--- Data to examine Enclosed Below ---
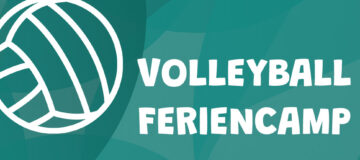 Sportunion Volleyball Tulln Feriencamp 2025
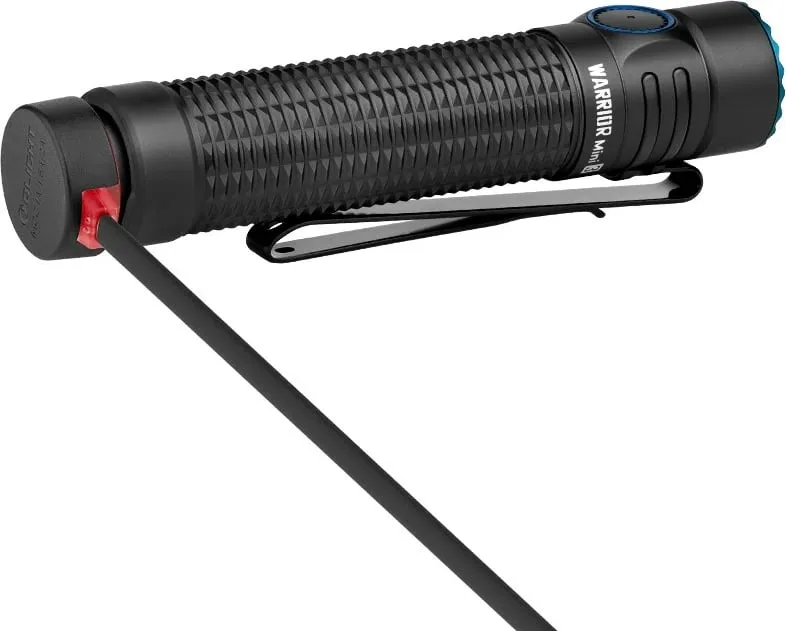 Elektrik dore OLIGHT WARRIOR Mini 3, 1750 lumen, 3500 mAh, IPX8, Zi - 2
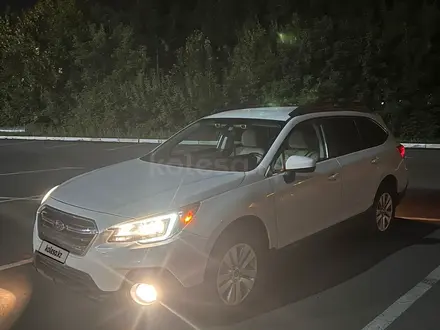 Subaru Outback 2019 года за 10 000 000 тг. в Петропавловск – фото 19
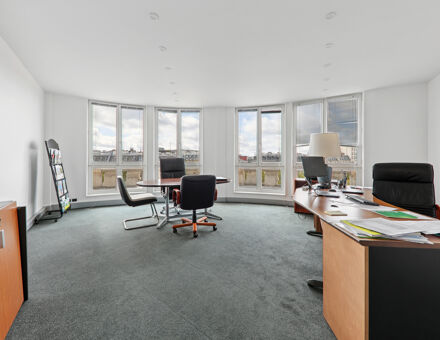 Bureaux du 28 Rue de la Pépinière Paris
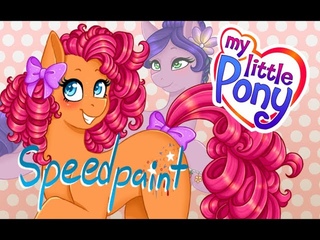 Gen3 Ponies Part 18(MLP Speedpaint)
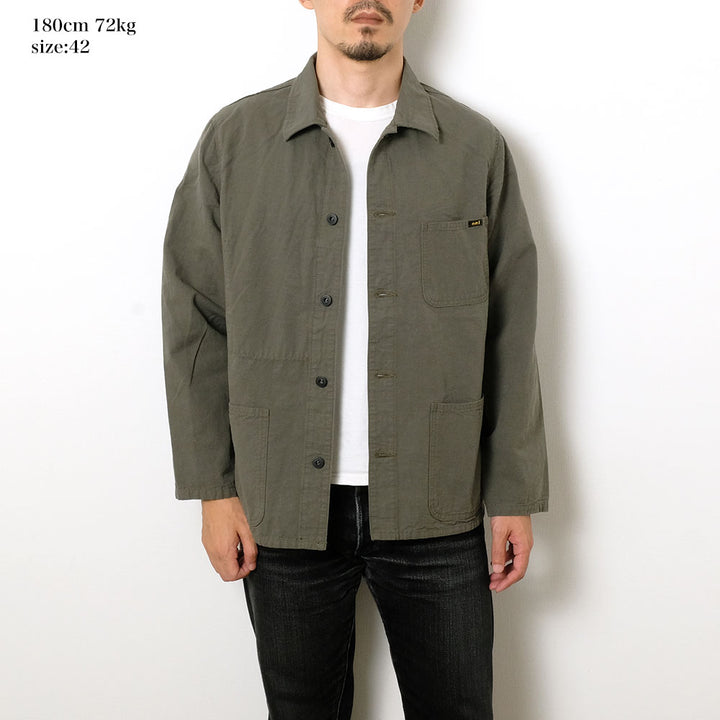 ONI DENIM - Coveralls - 8oz. Beta Chambray - ONI-035008GG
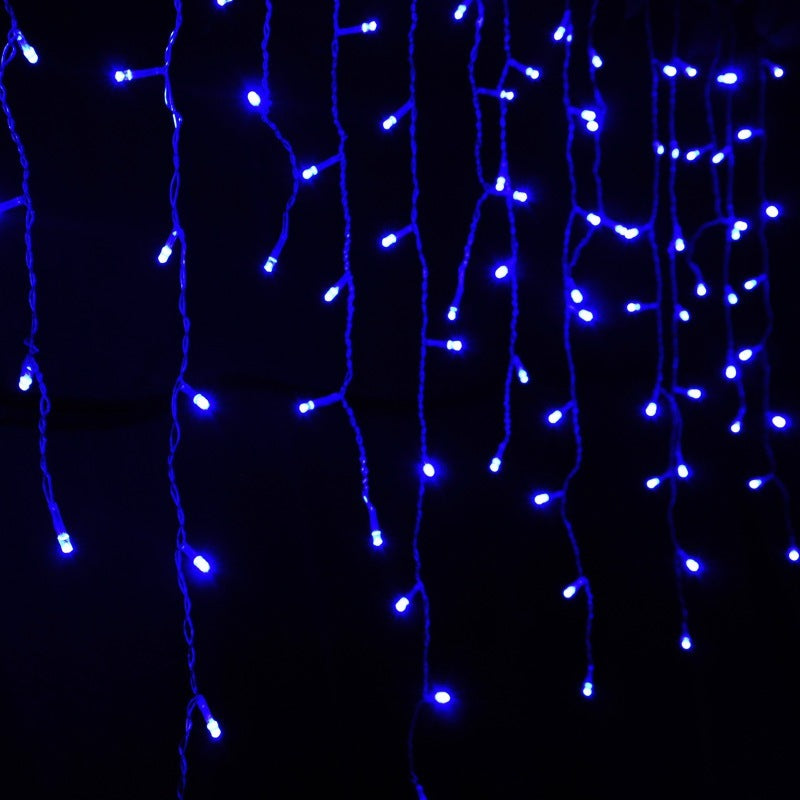 Led Lantern Icicle Light String Outdoor Waterproof - CozyPath by Pathmol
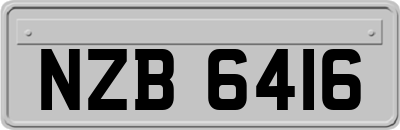 NZB6416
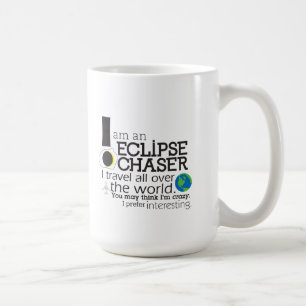 私は食のチェーサーのコーヒー・マグです コーヒーマグカップ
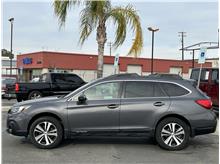 2019 Subaru Outback 2.5i Limited Wagon 4D Thumbnail 8
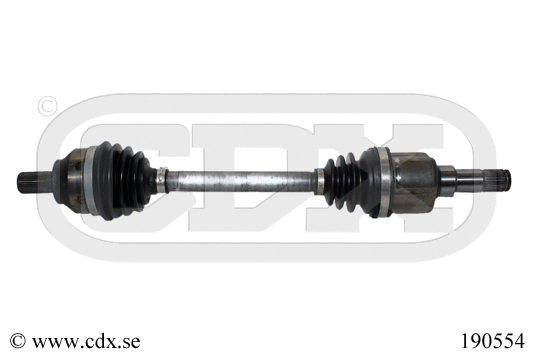 Drive Shaft (190554)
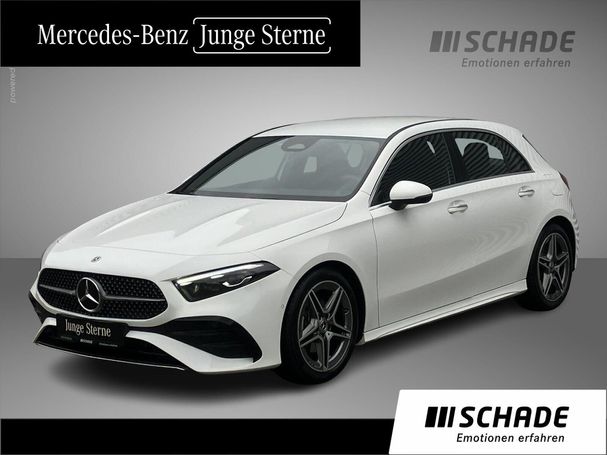 Mercedes-Benz A 200 120 kW image number 1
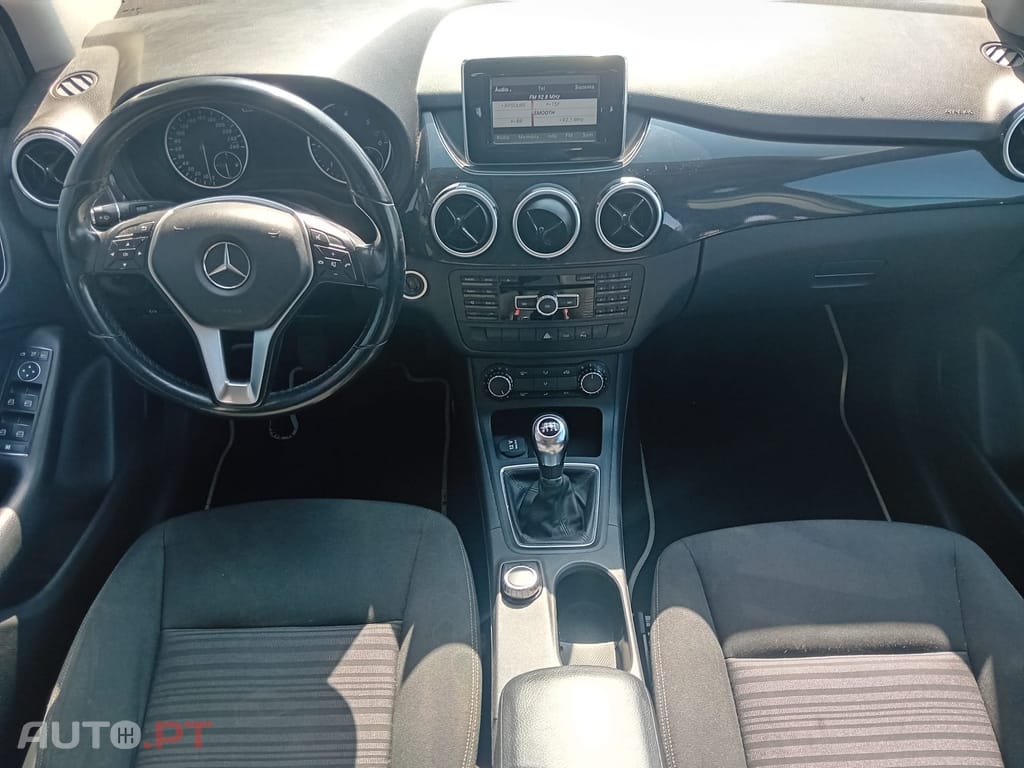 Mercedes-Benz B 180 cdi Blueefficiency - Nacional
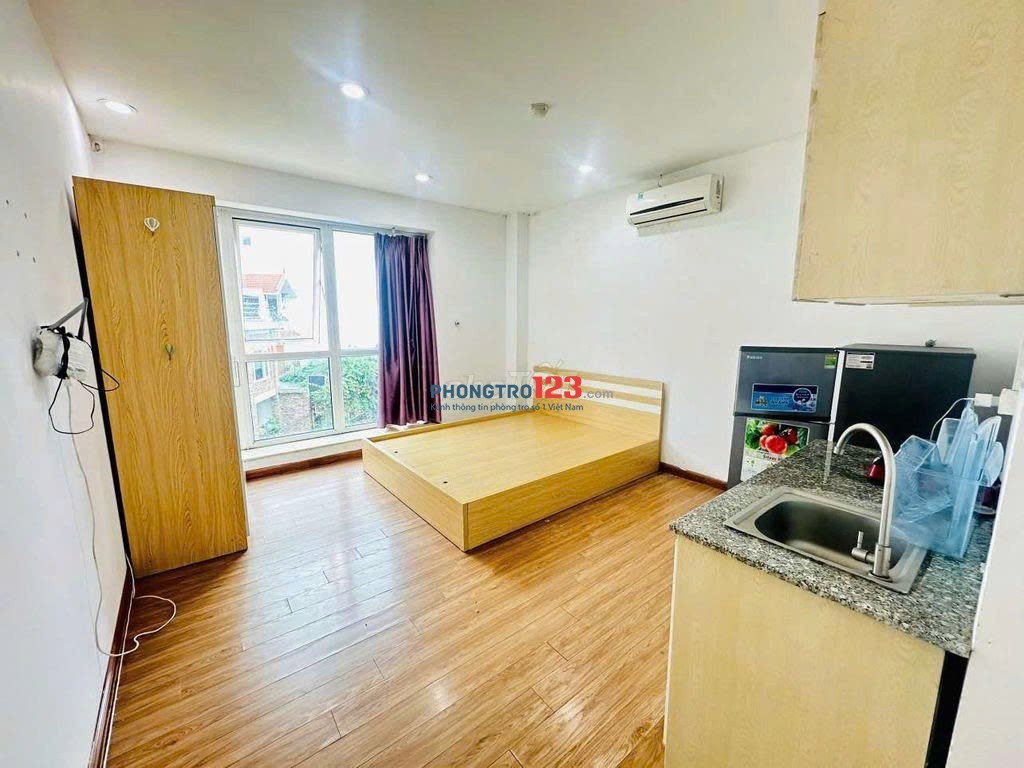 Cho Thuê Căn Hộ Cao Cấp CCMN Việt Hưng, Long Biên, Hà Nội.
--- End of Enclosed Data to examine ---
**Task details**
In the answer, the entries must appear exactly as above, without the images.

**Output of the exercise**
 Sportunion Volleyball Tulln Feriencamp 2025
 Elektrik dore OLIGHT WARRIOR Mini 3, 1750 lumen, 3500 mAh, IPX8, Zi - 2
 Subaru Outback 2019 года за 10 000 000 тг. в Петропавловск – фото 19
 Bureaux du 28 Rue de la Pépinière Paris
 Gen3 Ponies Part 18(MLP Speedpaint)
 ONI DENIM - Coveralls - 8oz. Beta Chambray - ONI-035008GG
 Led Lantern Icicle Light String Outdoor Waterproof - CozyPath by Pathmol
 NZB6416
 私は食のチェーサーのコーヒー・マグです コーヒーマグカップ
 2019 Subaru Outback 2.5i Limited Wagon 4D Thumbnail 8
 Drive Shaft (190554)
 Mercedes-Benz A 200 120 kW image number 1
 Mercedes-Benz B 180 cdi Blueefficiency - Nacional
 Cho Thuê Căn Hộ Cao Cấp CCMN Việt Hưng, Long Biên, Hà Nội.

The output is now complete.